El gobierno nacional tiene claro que a pesar de los muchos requerimientos financieros que existen no va a incrementar los impuestos. Porque abriga la clara conciencia de que en vez de aumentarlos lo que tiene que hacerse es que se paguen las obligaciones impositivas vigentes. No se pueden elevar los impuestos para castigar a los que ya pagan con más cargas tributarias mientras los transgresores se regodean en la ilegalidad.
En sus dos años y medio de trabajo las autoridades fiscales han logrado un fuerte aumento en las recaudaciones mediante el avance sobre la clandestinidad, haciendo que muchos que estaban en la marginalidad cumplieran sus obligaciones tributarias y actualmente estén en la legalidad. Gracias a ese trabajo, hoy día existe un mayor número de contribuyentes que durante el gobierno anterior. Y mediante esa medida el Estado está recibiendo más contribuciones fiscales que antes.
El comportamiento que está teniendo la actividad económica en sus más diversos renglones muestra elementos positivos que hacen pensar con lógica que este será otro buen año. Y que con la contribución que aportará la buena producción agrícola, que se muestra muy favorable, se puede lograr un crecimiento elevado, muy similar al que se alcanzó en el 2025, cuando el alza del PIB llegó al 6,6 %.
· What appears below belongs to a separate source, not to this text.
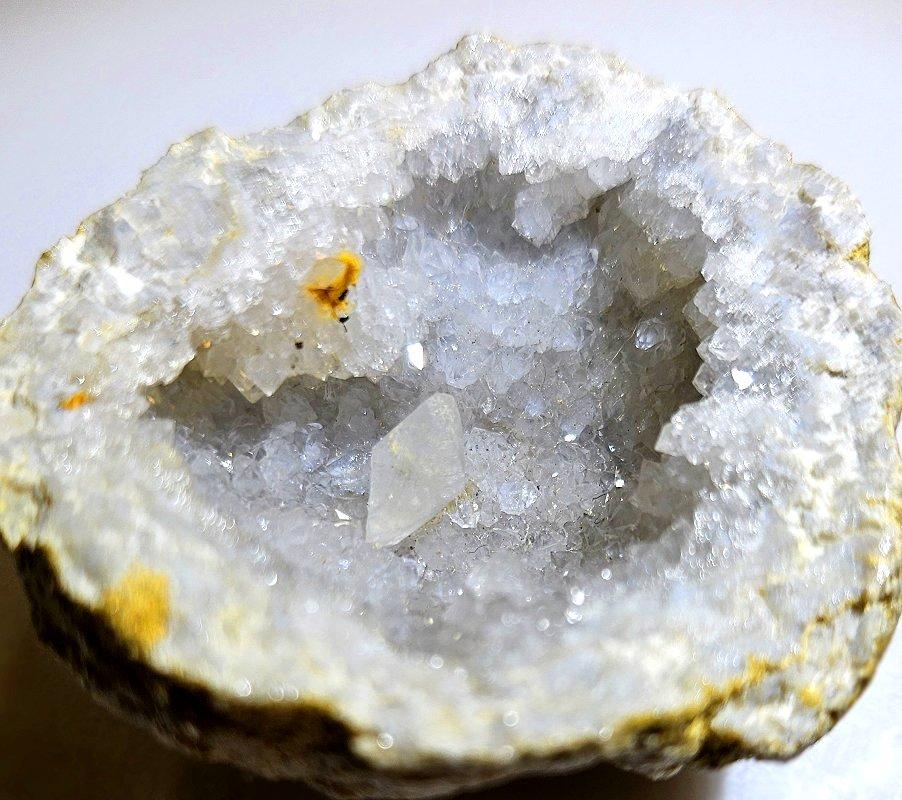 Altro Geode di cristallo naturale con druzy e cristallo centrale focale - CHIUSURA DELLA VENDITA in vendita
Refiriéndose a la situación económica del país, el presidente de la República, Santiago Peña, habló de la necesidad de aplicar la “economía de guerra”, en el sentido de disminuir los gastos del Estado, incluso haciendo recortes al Presupuesto General de la Nación (PGN) para “ajustar los cinturones”. Esto porque se necesita que haya previsibilidad en el manejo económico.
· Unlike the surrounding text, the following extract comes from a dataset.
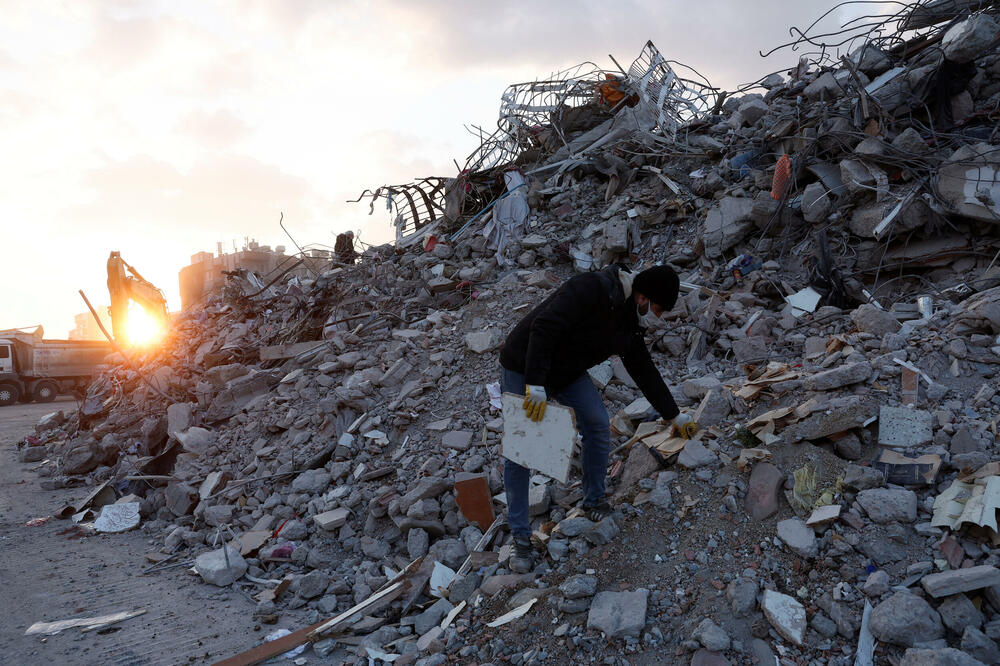 Uništena zgrada u Iskenderunu, Foto: Reuters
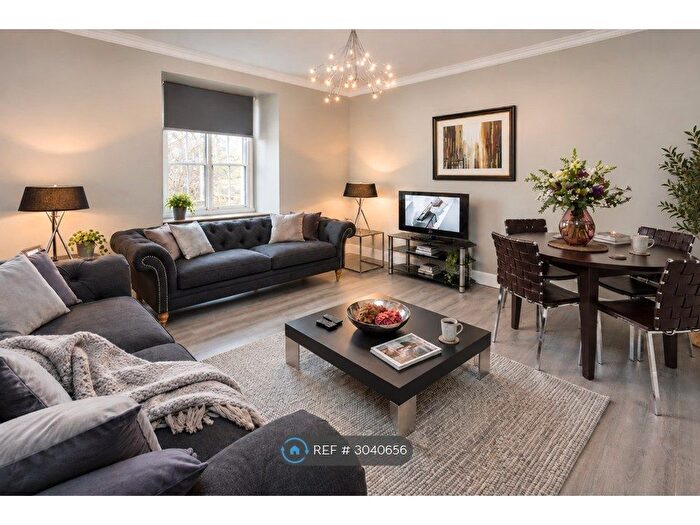 2 Bedroom Flat To Rent In West Nicolson St, Edinburgh, EH8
“Puede que la expresión de economía de guerra suene muy dramática, pero la realidad es que el sector público tiene que ajustarse los cinturones”, manifestó el mandatario para explicar la medida de moderación que está encarando el Ejecutivo.
Señaló que a la decisión acordada se le puede denominar ajuste inteligente o poner cualquier otra denominación. “Pero acá lo que simplemente nosotros queremos hacer es que haya responsabilidad por parte del fisco en administrar los recursos públicos”, enfatizó.
Aunque algunos sectores quieren descalificar la actitud del gobierno, la decisión tomada es la medida más inteligente que una administración estatal responsable puede adoptar por el bien del país.